Alors qu’il devenait évident que la fin de la guerre approchait en Europe, les Wrens, tout comme les autres membres du service, se préparaient à faire la transition vers la vie civile. Une présentation donnée à un groupe de Wrens à Ottawa portait sur la façon de « tirer le maximum du minimum » avec l’allocation vestimentaire de 100 $ qui serait donnée aux femmes militaires lors de la démobilisation. « Le clou de l’a présentation », selon un article sur le « défilé de mode » paru dans le Tiddley Times, « était le magnifique costume bleu marine et le béret assorti, confectionnés à partir d’un uniforme Wren et d’une coiffe de gréement ronde. »Note de bas de page 8 Il était nécessaire d’économiser même après la fin de la guerre, car le rationnement et les pénuries se poursuivaient.

Le jour de la Victoire en Europe est survenue le 8 mai 1945, et avec elle, la fin de la guerre dans l’Ouest. Le WRCNS a été dissous en août de l’année suivante, mettant fin à un chapitre de l’histoire navale canadienne. On a reconnu le service des Wrens et leur énorme contribution à la Marine.

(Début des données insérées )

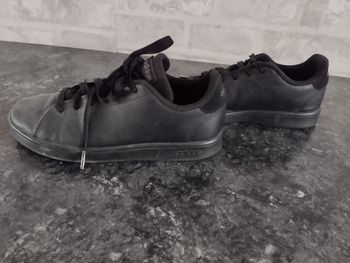 Vend chaussures adidas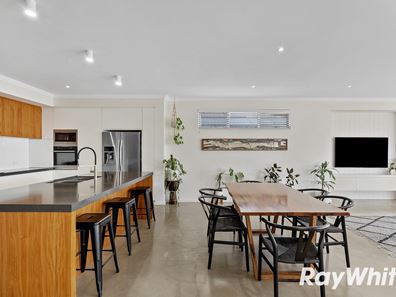 11 Ensign Way, Wannanup WA 6210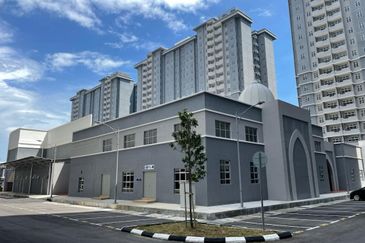 🏙 RESIDENSI MELAKA TENGAH 2 – POKOK MANGGA  📍 
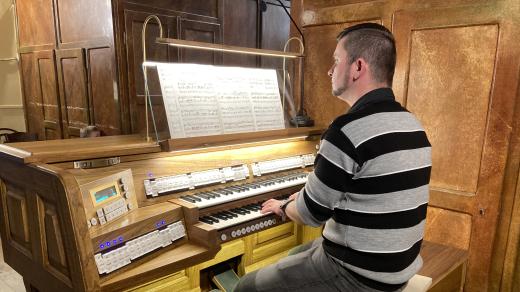 Varhaník Ondřej Vávra inicioval záchranu varhan v novobydžovském chrámu sv. Vavřince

« Elles se sont enrôlées parce que leur pays avait besoin d’elles », a déclaré le capitaine de frégate William Strange, directeur de l’information navale, dans un discours prononcé en août 1946 à la radio de la CBC pour marquer la fin du WRCNS. « Il se peut que ce soit parce qu’un frère était déjà dans le service, ou simplement parce qu’elles espéraient avoir un aperçu de l’eau bleue, ou peut-être simplement parce qu’elles aimaient l’idée d’être dans la Marine. Quelle que soit la raison de leur engagement, elles étaient prêtes à aller n’importe où ou à faire tout ce que le service naval pouvait exiger d’elles.Note de bas de page9

Les femmes ont réintégré le service naval dans les années 1950, d’abord comme membres de la Marine royale du Canada (Réserve) à partir de 1951. Quelques années plus tard, les femmes ont été autorisées à s’enrôler dans la Force régulière, et non plus dans un service distinct.

Cependant, leur service pendant la Seconde Guerre mondiale a changé la société canadienne à jamais. Pendant que les hommes étaient en mer, les femmes ont travaillé dans tous les secteurs de l’économie et dans tous les domaines du service national, jetant ainsi les bases de la lutte pour l’égalité des femmes au cours des décennies qui ont suivi.